🤖 AI Summary
Existing Theory of Mind (ToM) benchmarks focus narrowly on false-belief and asymmetric-information reasoning, neglecting diverse mental states—such as emotions and intentions—and the critical role of nonverbal cues (NVCs). Method: We introduce Motion2Mind, the first systematic framework for ToM-oriented body-language understanding. It features an expert-validated knowledge base and a fine-grained video dataset annotated with 222 distinct bodily actions and 397 mental states, alongside a novel, interpretable evaluation benchmark mapping NVCs to underlying psychological states. Contribution/Results: Experiments reveal substantial performance gaps between current AI models and humans in both NVC recognition and interpretation of intentions/emotions; models further exhibit pervasive over-interpretation bias. This work bridges a key gap in ToM assessment by incorporating the nonverbal dimension, establishing a new paradigm and robust evaluation infrastructure for embodied intelligence’s mental-state modeling.
📝 Abstract
Our ability to interpret others' mental states through nonverbal cues (NVCs) is fundamental to our survival and social cohesion. While existing Theory of Mind (ToM) benchmarks have primarily focused on false-belief tasks and reasoning with asymmetric information, they overlook other mental states beyond belief and the rich tapestry of human nonverbal communication. We present Motion2Mind, a framework for evaluating the ToM capabilities of machines in interpreting NVCs.

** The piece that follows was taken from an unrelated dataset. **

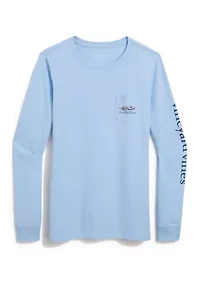 Long Sleeve Fall Pocket Graphic T-Shirt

Leveraging an expert-curated body-language reference as a proxy knowledge base, we build Motion2Mind, a carefully curated video dataset with fine-grained nonverbal cue annotations paired with manually verified psychological interpretations. It encompasses 222 types of nonverbal cues and 397 mind states. Our evaluation reveals that current AI systems struggle significantly with NVC interpretation, exhibiting not only a substantial performance gap in Detection, as well as patterns of over-interpretation in Explanation compared to human annotators.